*Data extract:*
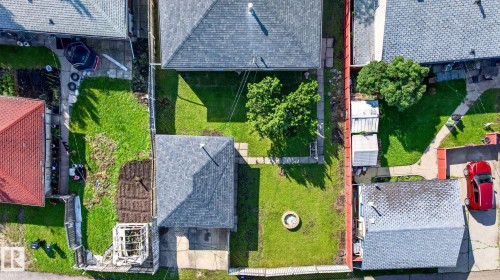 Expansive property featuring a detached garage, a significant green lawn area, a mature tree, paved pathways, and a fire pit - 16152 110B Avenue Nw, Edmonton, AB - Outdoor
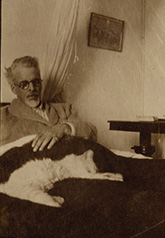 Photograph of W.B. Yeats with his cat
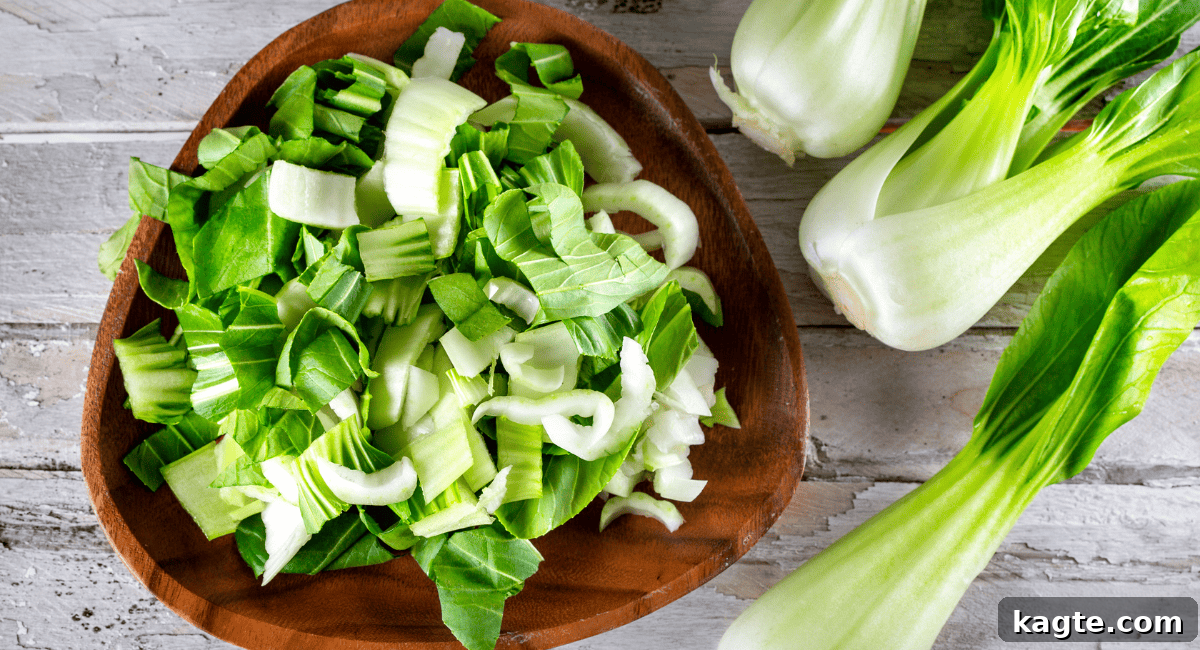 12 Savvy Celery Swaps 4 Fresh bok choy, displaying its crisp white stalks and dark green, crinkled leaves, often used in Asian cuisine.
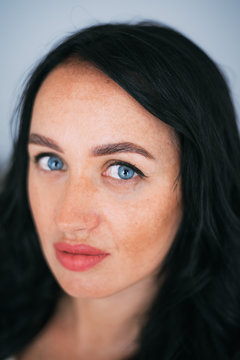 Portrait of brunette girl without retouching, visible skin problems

*Work instruction:* Omitting all pictures, give the preceding listing again exactly.

*Result of the task:*
 Expansive property featuring a detached garage, a significant green lawn area, a mature tree, paved pathways, and a fire pit - 16152 110B Avenue Nw, Edmonton, AB - Outdoor
 Photograph of W.B. Yeats with his cat
 12 Savvy Celery Swaps 4 Fresh bok choy, displaying its crisp white stalks and dark green, crinkled leaves, often used in Asian cuisine.
 Portrait of brunette girl without retouching, visible skin problems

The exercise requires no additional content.